/---
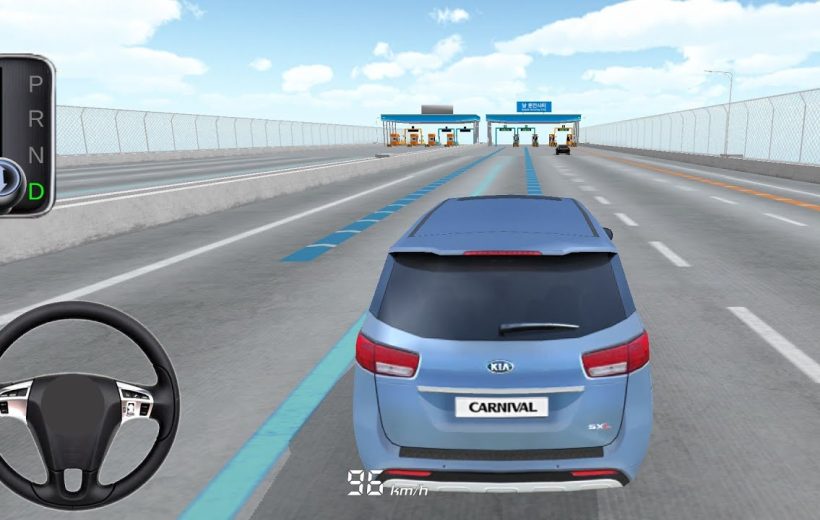 Blue Kia Carnival minivan driving toward toll booths on a multi-lane highway bridge.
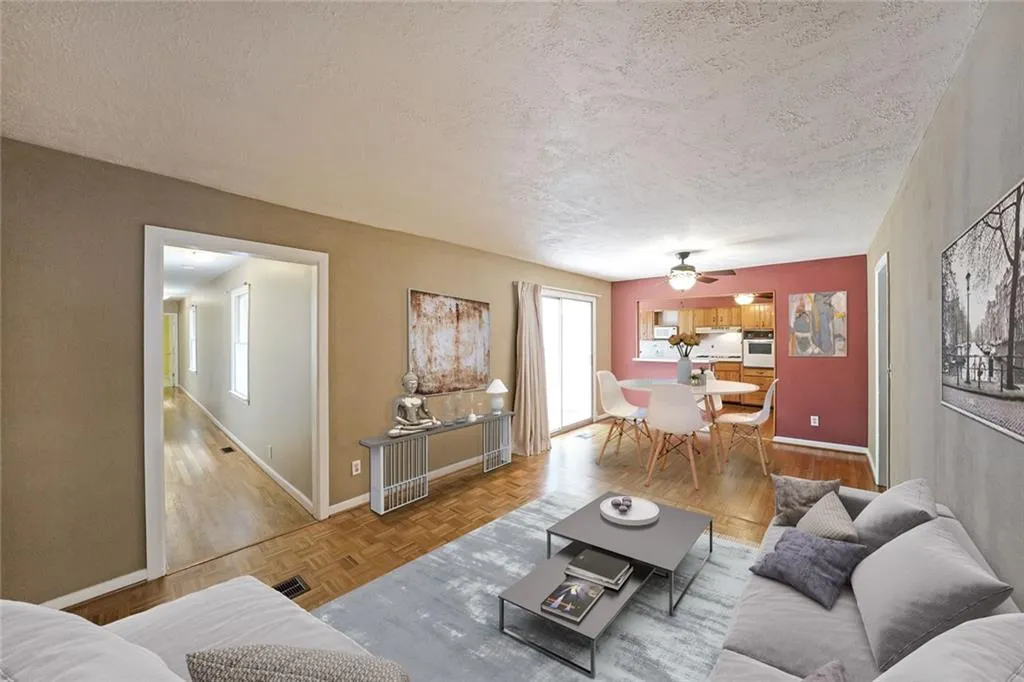 Living room with a textured ceiling, baseboards, a ceiling fan, and parquet flooring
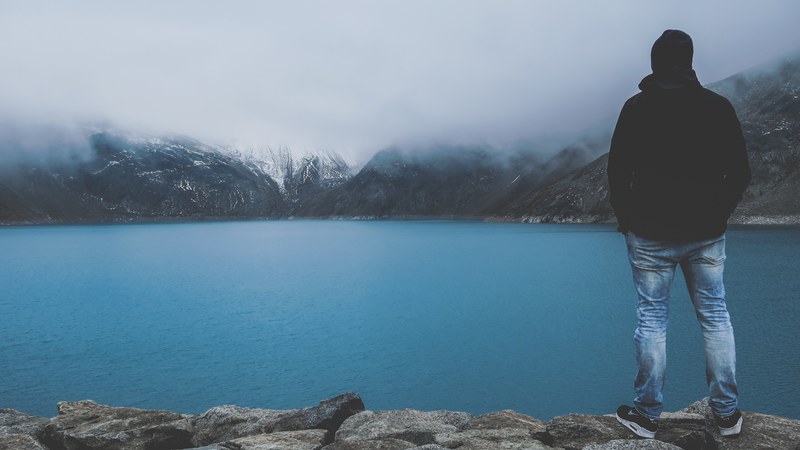 man looks out over calm waters at foggy snowy mountains, day 20 unsplashdaily 4k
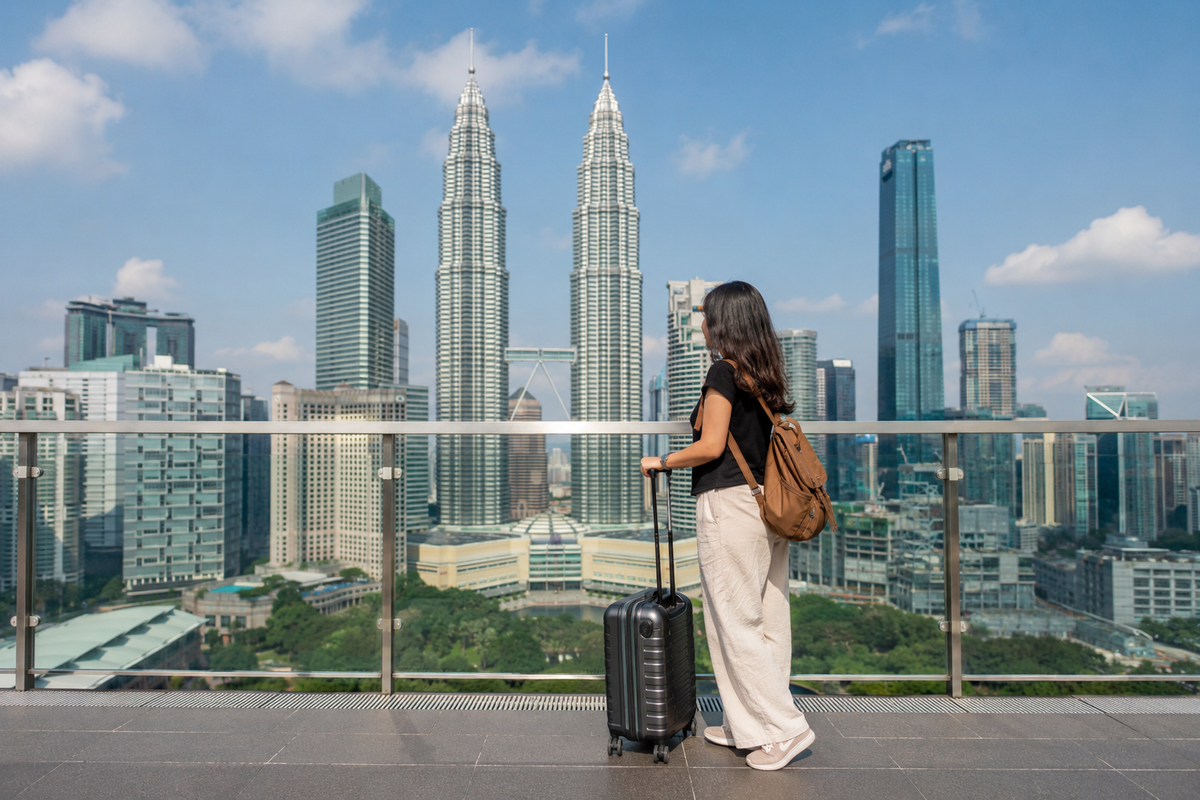 Traveler with suitcase overlooking Kuala Lumpur and Petronas Twin Towers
\---
→ **WORK REQUIRED**
Any picture in the material is to be left out, and everything else is to be retyped as is.

→ **TASK RESPONSE**
 Blue Kia Carnival minivan driving toward toll booths on a multi-lane highway bridge.
 Living room with a textured ceiling, baseboards, a ceiling fan, and parquet flooring
 man looks out over calm waters at foggy snowy mountains, day 20 unsplashdaily 4k
 Traveler with suitcase overlooking Kuala Lumpur and Petronas Twin Towers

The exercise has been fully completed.